Scan the entries for the word "double", and copy every line where it appears.

Records from a data collection:

◇ ◇ ◇ ◇

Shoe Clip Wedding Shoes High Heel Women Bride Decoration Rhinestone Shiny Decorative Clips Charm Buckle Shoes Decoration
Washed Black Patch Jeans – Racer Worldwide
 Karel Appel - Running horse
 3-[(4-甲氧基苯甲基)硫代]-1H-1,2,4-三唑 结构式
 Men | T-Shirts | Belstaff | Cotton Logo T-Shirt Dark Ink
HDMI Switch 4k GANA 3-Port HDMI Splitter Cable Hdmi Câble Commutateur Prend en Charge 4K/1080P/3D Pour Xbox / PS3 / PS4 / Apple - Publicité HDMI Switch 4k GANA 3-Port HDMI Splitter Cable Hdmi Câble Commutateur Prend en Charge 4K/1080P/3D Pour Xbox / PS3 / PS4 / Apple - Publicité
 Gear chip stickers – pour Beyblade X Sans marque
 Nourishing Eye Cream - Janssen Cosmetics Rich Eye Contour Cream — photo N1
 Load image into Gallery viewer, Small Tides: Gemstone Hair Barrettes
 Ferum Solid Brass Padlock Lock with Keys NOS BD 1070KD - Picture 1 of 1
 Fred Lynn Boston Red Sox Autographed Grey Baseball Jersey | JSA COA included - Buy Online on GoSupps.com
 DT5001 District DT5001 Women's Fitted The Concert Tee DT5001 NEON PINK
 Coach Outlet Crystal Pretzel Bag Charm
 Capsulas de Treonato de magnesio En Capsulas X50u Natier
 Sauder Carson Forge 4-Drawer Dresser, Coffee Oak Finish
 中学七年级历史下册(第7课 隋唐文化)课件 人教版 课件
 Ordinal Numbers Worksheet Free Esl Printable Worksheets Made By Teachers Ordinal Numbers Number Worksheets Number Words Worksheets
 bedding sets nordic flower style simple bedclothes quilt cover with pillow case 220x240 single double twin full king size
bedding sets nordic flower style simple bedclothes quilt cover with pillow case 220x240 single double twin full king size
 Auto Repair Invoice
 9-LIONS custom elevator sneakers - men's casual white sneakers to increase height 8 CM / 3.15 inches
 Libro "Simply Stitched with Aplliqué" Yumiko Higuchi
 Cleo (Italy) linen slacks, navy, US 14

◇ ◇ ◇ ◇

- _Answer space_
 bedding sets nordic flower style simple bedclothes quilt cover with pillow case 220x240 single double twin full king size
bedding sets nordic flower style simple bedclothes quilt cover with pillow case 220x240 single double twin full king size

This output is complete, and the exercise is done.